Winston Churchill, Speech to the House of Commons, Sept 29, 1949
What makes currency forecasting so difficult are two levels of uncertainty. This uncertainty is playing out today with the dollar declining on the Fed raising interest rates.
First, there is the uncertainty associated with relative policies and behavior. Since the exchange rate is a relative price, the forecaster always has to get the macroeconomics of two countries right. The policies of the Fed have to be contrasted with the policies of the ECB. The growth of the US has to be compared with the growth of Canada for CAD. It is always a problem associated with the forecast of two.
Second, there is the changing dynamics of any regression results. Parameter uncertainty is greater because the weights on what is important are constantly changes.
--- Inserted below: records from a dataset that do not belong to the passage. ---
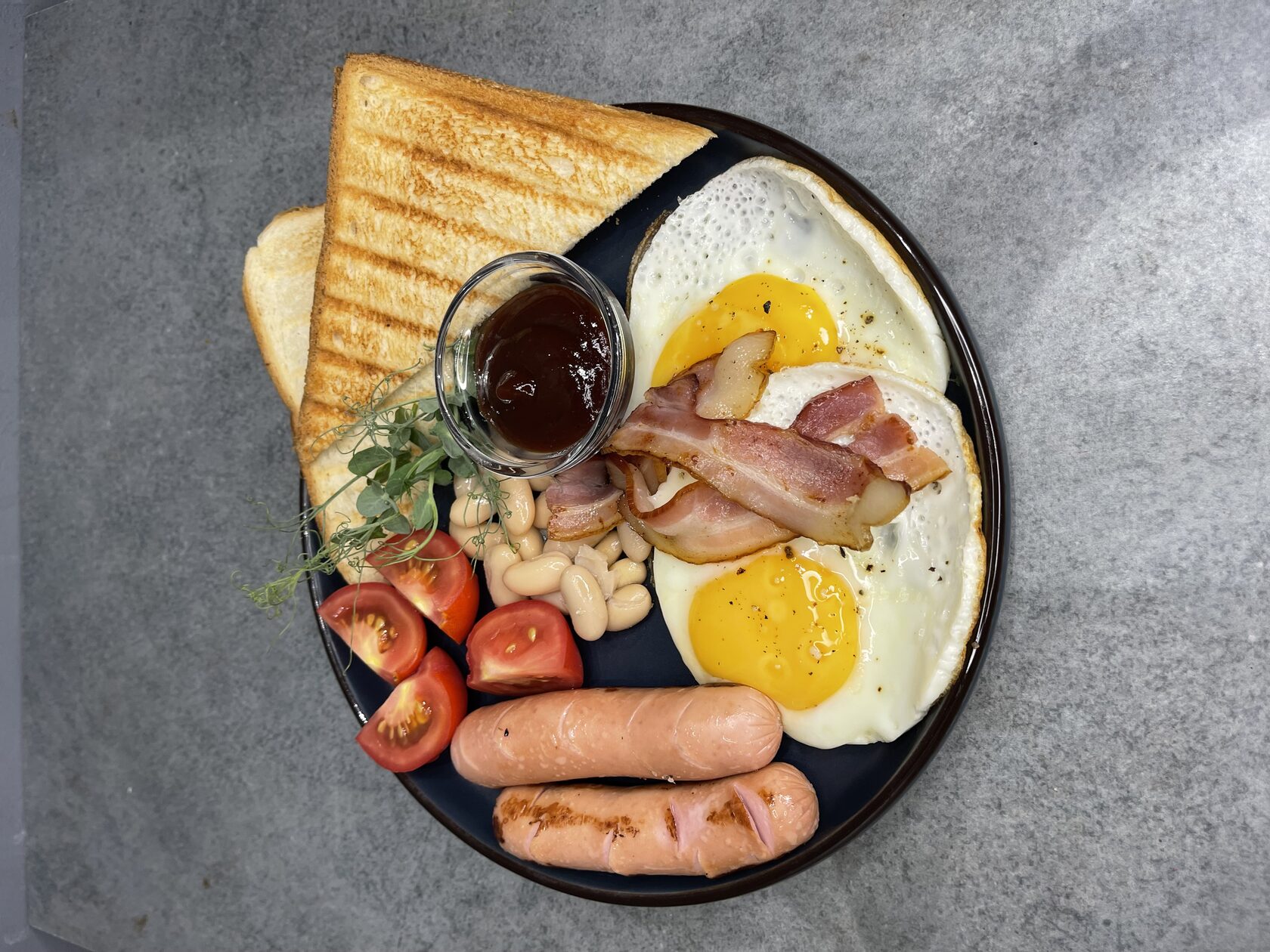 Английский завтрак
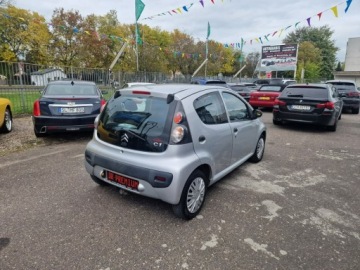 Citroen C1 I Hatchback 1.0 i 68KM 2007 Citroen C1 1.0 Benzyna 68 KM, Dwa Klucze, Lakier, zdjęcie 5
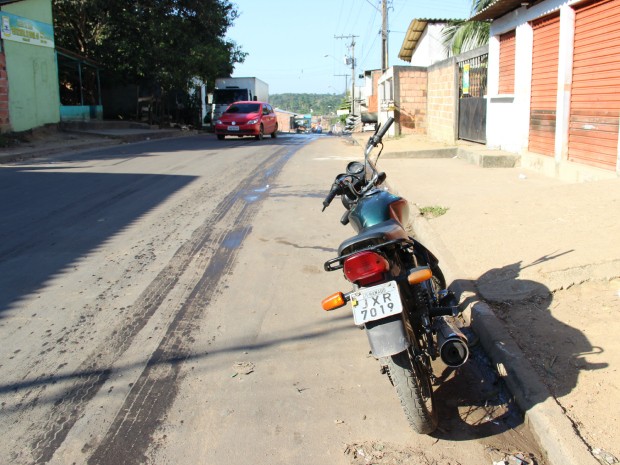 G1 Mototaxista é morto a tiros após ser seguido por dupla em moto no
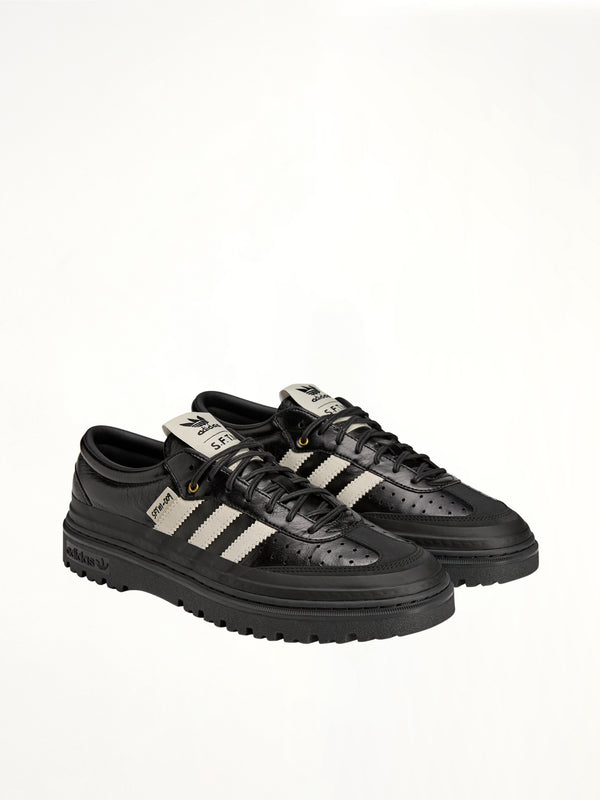 Adidas x SFTM Samba LX Freizeit 核心黑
This has been shown to be an empirical reality. Today, the important variable may be monetary policy. Tomorrow, the most important weight may be on growth. The shifting weights causes differences in rational beliefs that may prove false for forecasting. Monetary policy is important but its important may be less today than last month. Two analysts may both be right on the impact of monetary policy, but their level of emphasis may be wrong.
This is why heuristics and simple rules may be helpful. As a first pass, the price trend may be the most important indicator because it is the weighted value of all beliefs and opinion. It is the aggregation of all views on relative price and relative emphasis. If the weighted opinion is moving the dollar lower, it is sending us a signal on underlying economic variables.